Anon, we require order not laws. As long as there is order we can certainly have civilization, and order comes about via function and respect for others. Laws are often at odds with order, or are arbitrary, and certainly they limit growth, civility, and civilization. The incarceration rate in the US, which is higher than any nation in history (in fact the incarceration rate for non-crimes alone is higher than any nation in history for all of their reasons for incarceration!) takes away from civilization, reduces advancement, and prohibits learning in a number of areas.

The old "laws" of the common law tradition in England (and other places" were not laws dictated by any ruler, but rather judgements from courts run by the people. They were never abolute, but were all merely case studies such that a very similar case may in fact get a different ruling if but one important aspect of the case were different. In this way order was discovered, not decreed, and there was (and is) no need for laws as we know them today.

As for the socialist offshoot of anarchy you refer to as "traditional" anarchy (got to give them credit for usurping that role in people's minds..) I contend that it is not anarchy at all as it neglects respect for persons and demands a rigid essentially totalitarian state. There is no other way to enforce that redistribution of the wealth, and of course without a state, the state cannot own the means of production. (ala socialism)

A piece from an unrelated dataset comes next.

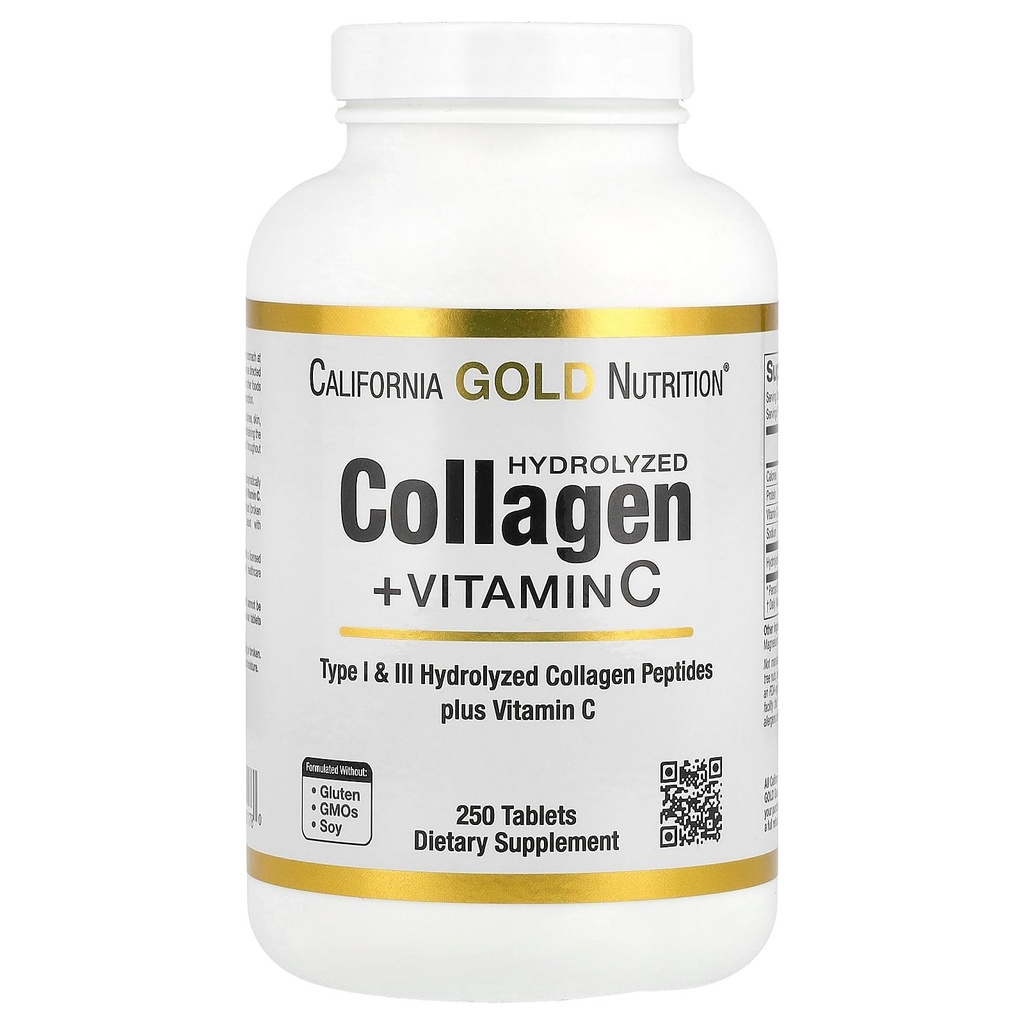 California Gold Nutrition Hidrolized Colagen Peptides + vitamina C Suport pentru păr, piele, unghii, articulații, & Oase - Tip Featuring I & III Colagen Peptides - Gluten gratuit, non-GMO - 250 comprimate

I had not come across that difference in "green anarchy," but thanks for the reference.

It seems to me from my reading and of course from the logical implementation of basic respect for persons, that the long tradition of what is sometimes called "individualist anarchy" is the only right and just path, for it allows for all of the other suggested forms of association, with the one caveat that all must be voluntary without the coercion which is the trademark of the state.

Storm said...

Walter, thanks for the comment. Unfortunately voting is not complaining, it is cheering and encouragement. It says that you approve of the ownership of others, and that this should continue.

That is not to say you cannot complain and vote, but it is like complaining about eating too much at Thanksgiving, you did it to yourself.. Though with voting you are doing it to others also, but you get the idea.

Anonymous said...

Industial civilization is anything but voluntary to many.Just to aquire this fine piece of land(NA)we had to do some serious "persuasion".Virtualy all industrial activities have people affected that protest.

Storm said...

Anon, amongst the problems with that argument there is an is/ought fallacy (well reversed..) That governments made immoral decisions in no way necessitates that civilizations are dependent upon those immoral decisions.

That this was the case in no way means that this is the only way to have civilization.